Just by reading the blogpost title you are likely to guess the
problem at hand, but to be fair I will recap it anyways.
What's the problem?
It is increasingly common for software projects to have
Continuous Integration (CI) setup, regardless of their size or
complexity. In the matter of fact, it is so common that it is
considered bad practice not to have your project be at least
compiled upon every push to the repository. It's even better when a
project is also tested with a possibility of doing an automated
release as an extra step, which means uploading a new version to
the package index, pushing newly created image to Docker registry,
what have you. With all of the benefits that CI brings to the table
it often has a drawback of taking too long time, especially when
the project is really big or it simply has lots of dependencies
that also have to be compiled from scratch.
This drawback of long builds can have significant impact on the
overall speed of the development process. Let's consider a large
project that takes an hour to compile and run the test suite on
decent hardware. It is not uncommon to have dozens of developers
working daily on such a project, each of whom might introduce a
change or two or maybe even more during a single day to the
project, consequently triggering a CI build each time. Moreover, it
is usually the case that there is a matrix of jobs for each build
that will do compilation and testing on different Operating
Systems, with different compiler versions and build tools. For
example a common Haskell project will have a Travis CI build setup
that will compile and test the project on Linux as well as Mac OS,
while using 4~6 different GHC versions and multiple build tools,
such as stack
, cabal
or nix
.
A CI build with such a matrix easily results in dozens of jobs on
its own. Naturally, all of those jobs can be executed in parallel
on as many Virtual Machines (VMs) as you have at your disposal, so
you don't have to wait hundreds of hours for a CI build to finish,
but even with an unlimited number of those VMs a developer will
still end up waiting at least an hour for a successful
feedback.
Available Solution
If you think recompiling a project from scratch every time when
there is a slight change is really absurd, you are absolutely
right. What is the point of wasting all of that electricity and
developer's time just so we can create practically the same set of
files, especially since all of the decent build tools are fully
capable of handling changes.
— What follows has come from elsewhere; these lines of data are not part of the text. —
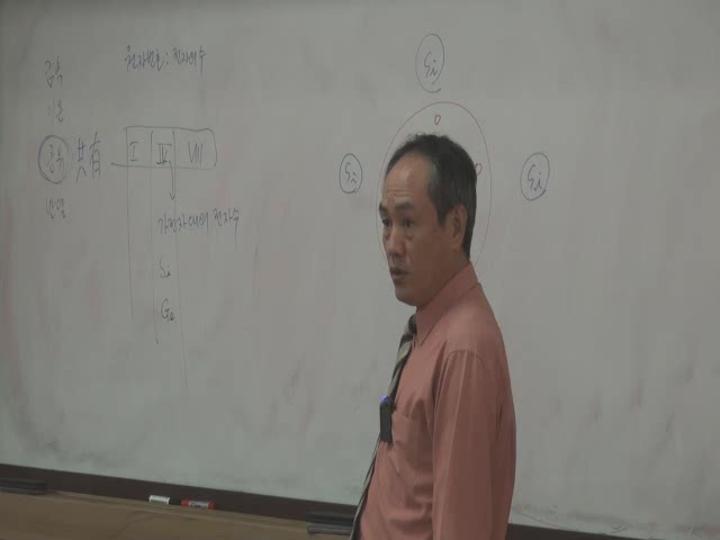 전기의 세계_09. 반도체 1. 반도체 2. 전력 비디오 썸네일 이미지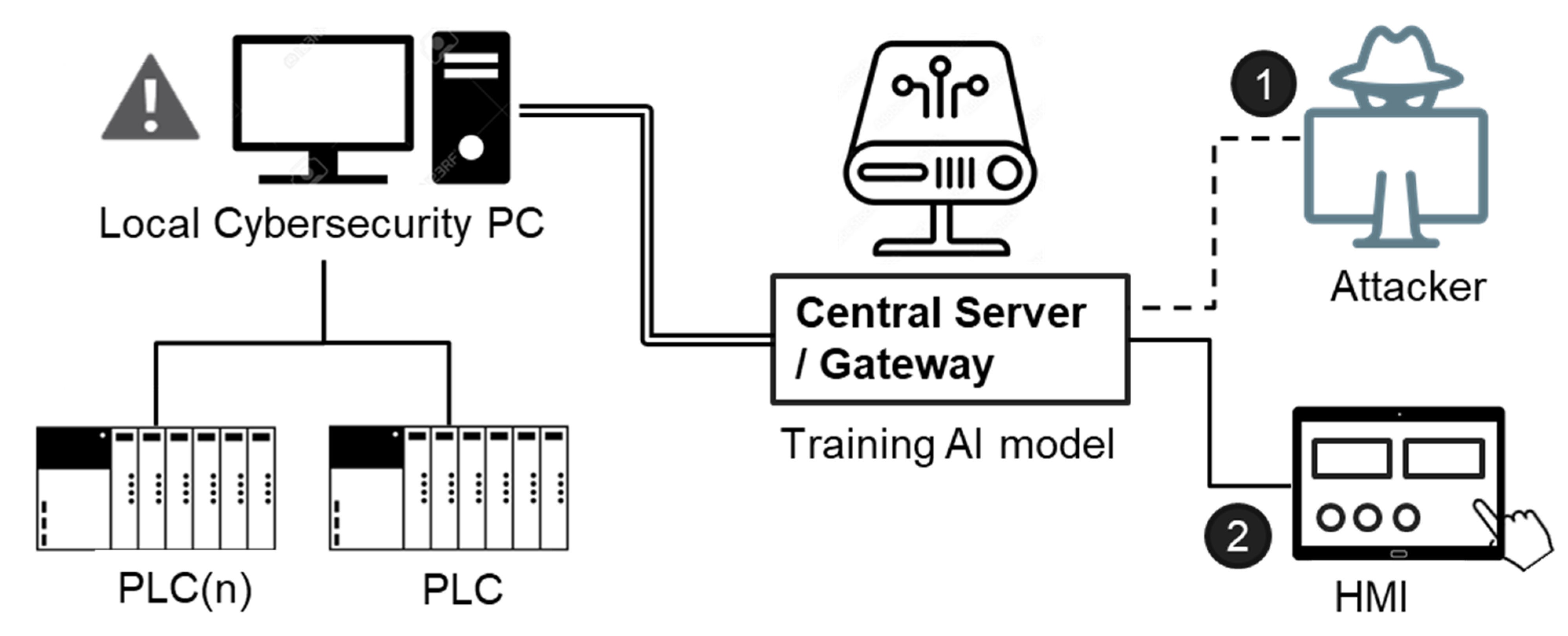 Electronics 12 01195 g009 Electronics 12 01195 g009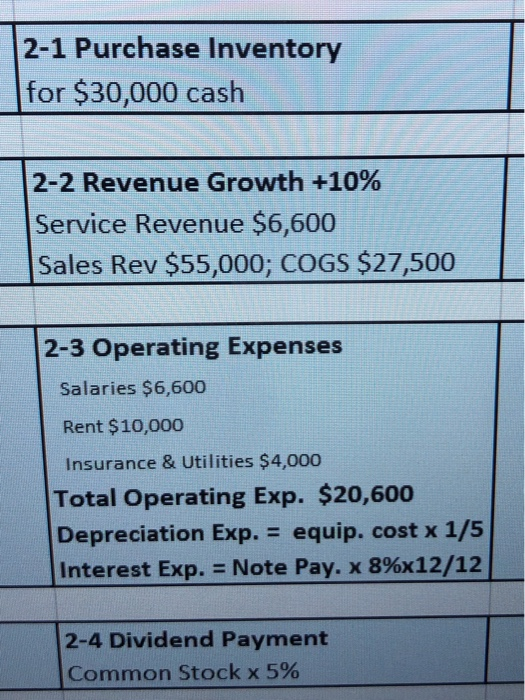 analysis balance and the details from the transactions each year to creaye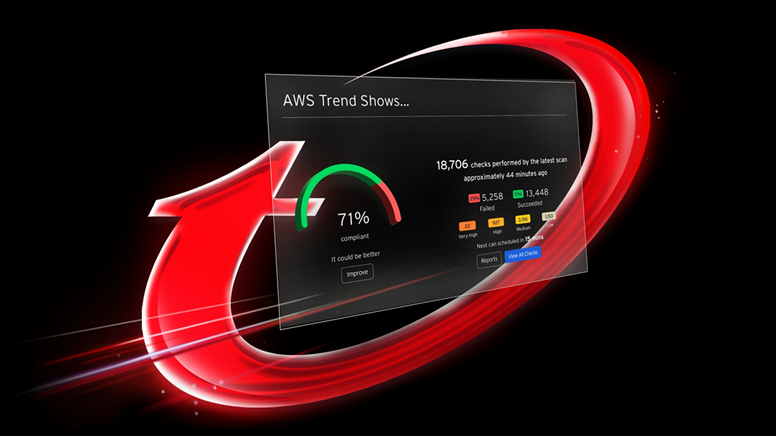 Trend Micro Vision One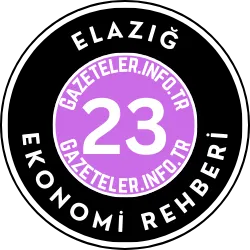 Elazığ Ekonomi Rehberi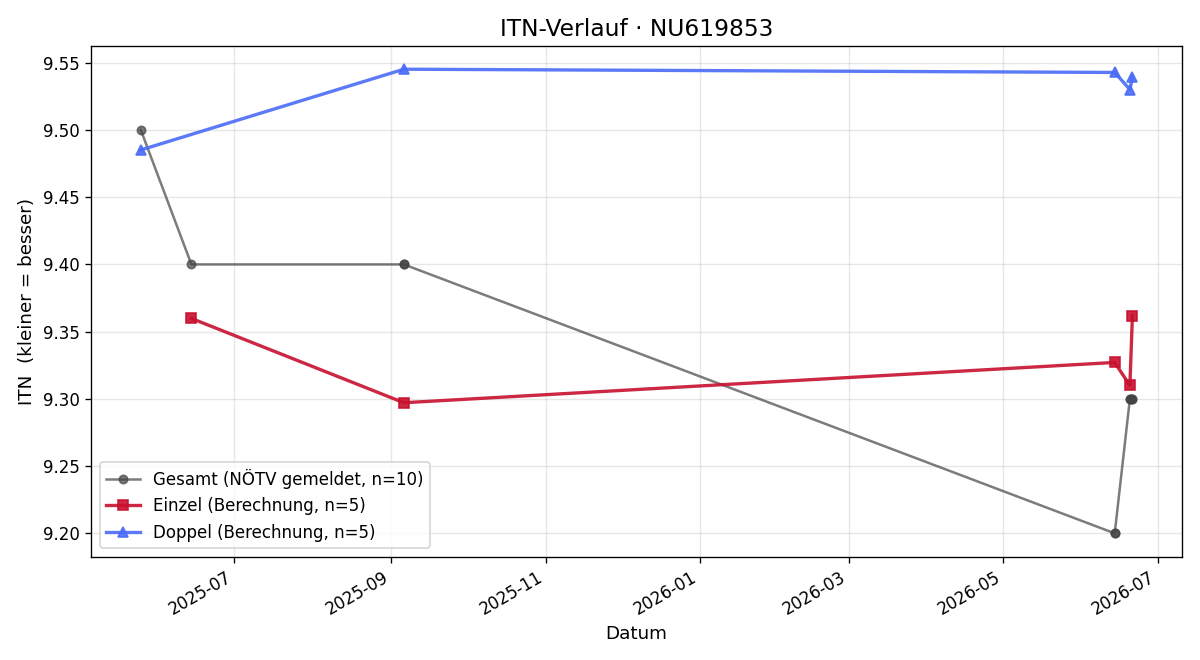 ITN-Verlauf Moritz Breineder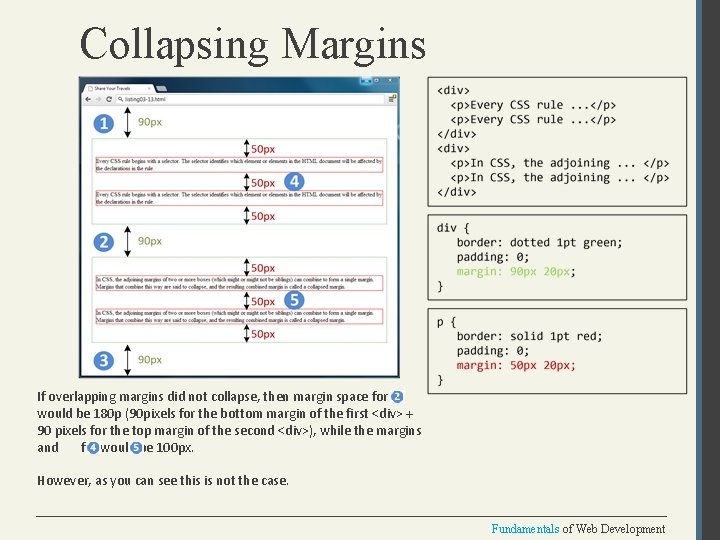 Collapsing Margins If overlapping margins did not collapse, then margin space for would be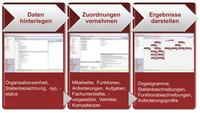 Effizienzsteigerung durch professionelle Datenhaltung im Organisationsmanagement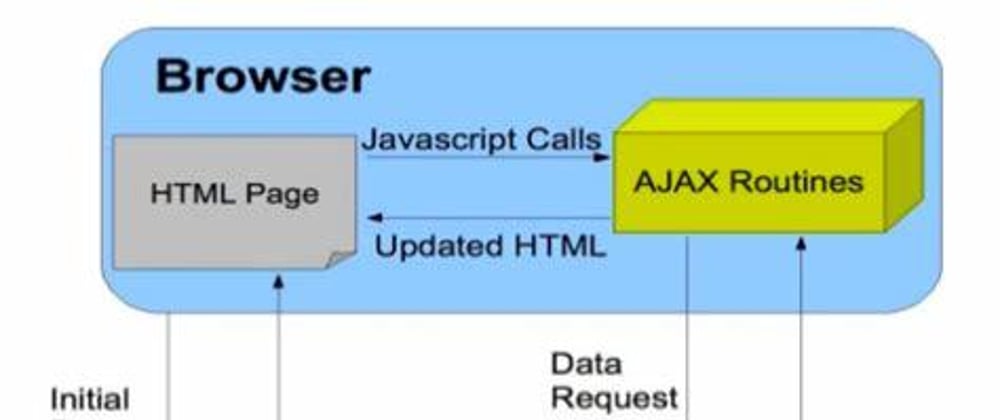 Cover image for TIL - Ajax (Asynchronous requests) with Fetch and Axios + React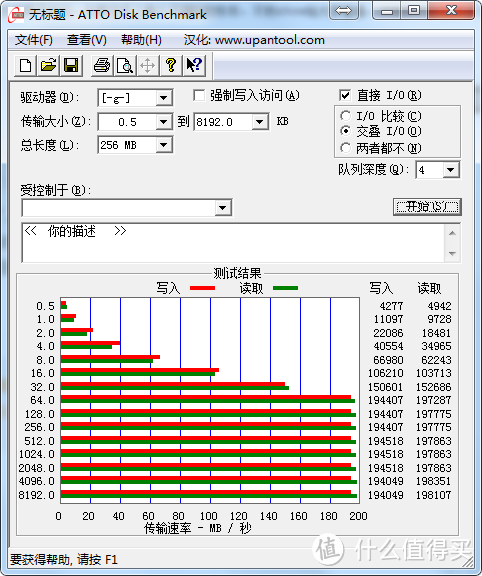 SanDisk 闪迪128G 至尊超极速U盘 CZ88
I am almost positive that all of the
CI providers have this ability of caching files from one build, so
they are available for the subsequent one. This simple idea solves
the problem above in the majority of the situations. An example
solution for a Haskell project would be adding these few lines to
the .travis.yml
file in the project repository:
cache:
directories:
- $HOME/.ghc
- $HOME/.cabal
- $HOME/.stack
- $TRAVIS_BUILD_DIR/.stack-work
Alternative Solution
In a perfect world this solution would be universal and complete
and this blog post would end now, but, unfortunately, that is not
the case. CI providers are not created equal, and their caching
capabilities and limitations vary drastically, which can pose real
problems for some projects. Just to list a few:
- AppVeyor limits the cache size to 1GB for their free accounts
and 20Gb for the paid ones,
- it also shares the same cache between builds for different
repository branches, which can easily lead to cache
corruption.
- Travis handles cache sharing between builds for different
branches properly, namely it will make sure a build for one branch
does not interfere with cache for another branch's build, while
also using cache created for
master
branch, whenever
there is an initial build for a fresh branch. Problem is, that
Travis makes cache available even to Pull Requests (PRs) from
forked repositories, consequently making it publicly readable.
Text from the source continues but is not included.